For 16% of women in the GP survey, the GP was unable to confirm or refute a diagnosis of dementia, often because the woman had died or had moved from the practice since the date of their HES record of dementia, and historical records were no longer available. For a further 11%, no reply was received from the GP. It is possible that the missing information may have biased estimates of agreement; but results were very similar for the GP survey and for the comparison with CPRD coded records. Information available in CPRD is restricted to that collected using specific GP software systems, and may not be fully representative of all GP data in England [15]: again, the similarity of the results using coded CPRD data and using information obtained directly from a random sample of GPs suggests that this is not a major issue which would limit generalisability of the results.
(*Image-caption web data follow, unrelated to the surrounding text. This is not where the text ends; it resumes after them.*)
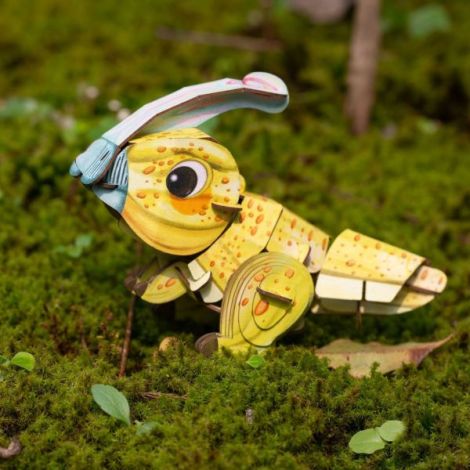 Puzzle 3D cu sunete - Parasaurolophus, Build n Sound - poza 5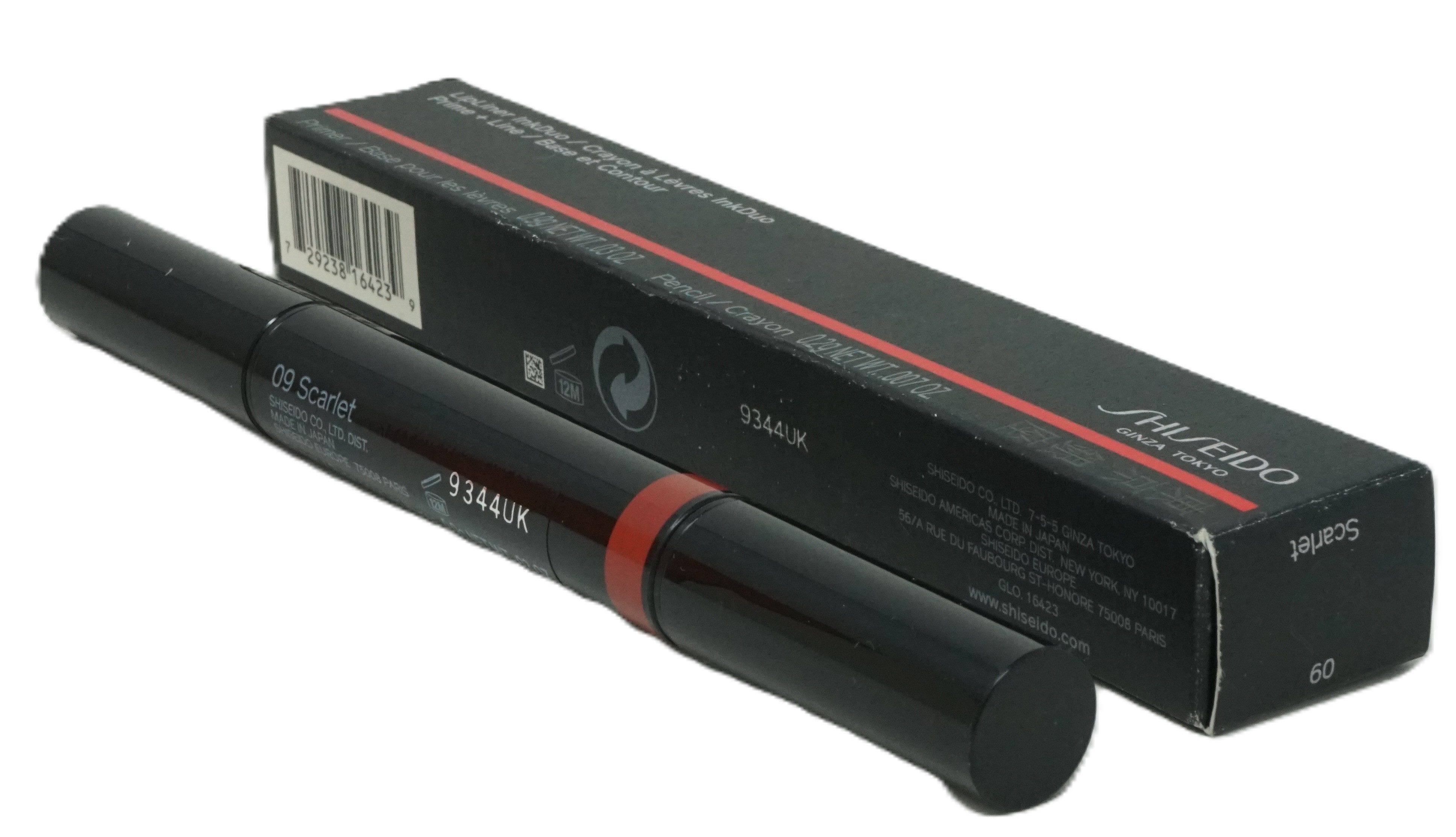 SHISEIDO Карандаши для губ Shiseido Ginza Tokyo LipLiner InkDuo Primer+Line 0,9g Scarlet 09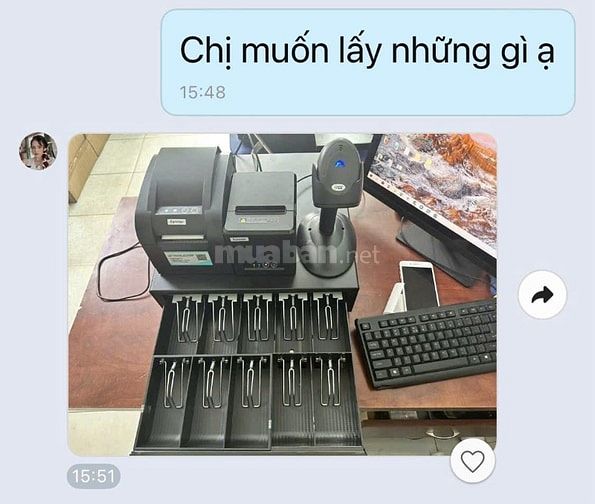 thanh lý trọn bộ tính tiền cho tạp hóa, vpp, shop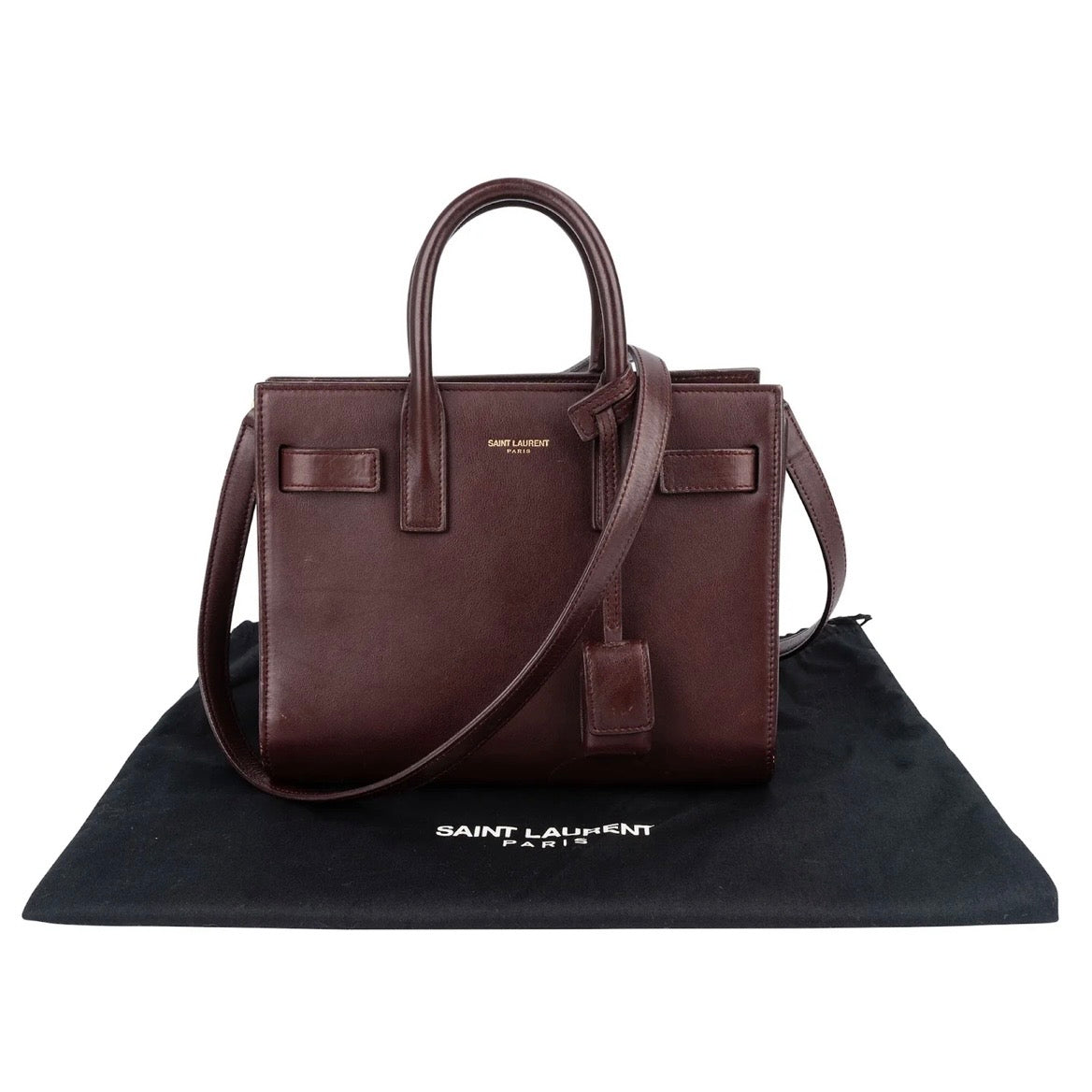 Saint Laurent Calfskin Leather Nano Sac De Jour Handbag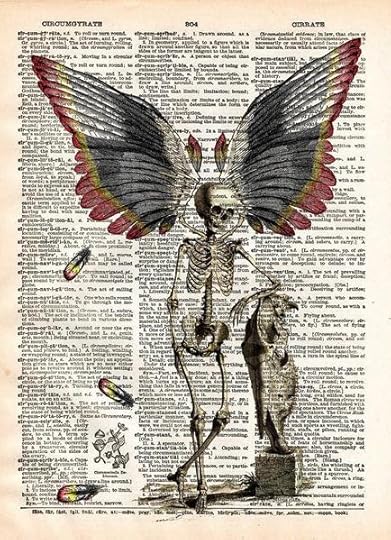 Skeleton Book Art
Information from death certificates does not appear to reflect hospital diagnoses of dementia very closely. Two-thirds of the women with HES dementia diagnoses in the HES-CPRD comparison are known to have died subsequently, but dementia was recorded as the underlying or contributory cause of death for only a minority.

Age-specific rates of dementia for women in our cohort are similar to rates of clinically diagnosed dementia in primary care reported in other UK population-based studies [11]. Rates of clinically diagnosed dementia are, as expected, lower than rates recorded in field-based studies based on case finding [1618], because some people with early dementia found in the case finding studies may not have been clinically diagnosed and thus would not have been recorded as having dementia in primary care data. Those diagnosed with dementia in primary care would not necessarily be admitted to hospital, and not all those admitted would have had dementia coded in their hospital records. Nevertheless, we found similar age-specific incidence rates for dementia coded in primary care (CPRD) and in hospital records, after assuming a lag of 1.6 years between first diagnosis in primary care and first admission to hospital. Also, only about 0.1% of women with no HES record of dementia were reported by their GP to have dementia. These findings suggest hospital admission data in England are not missing large numbers with dementia known in primary care.

Conclusions

Dementia recorded in routinely collected NHS hospital admission data for women in England agrees well with primary care records of dementia assessed separately from two different sources, and is sufficiently reliable for epidemiological research.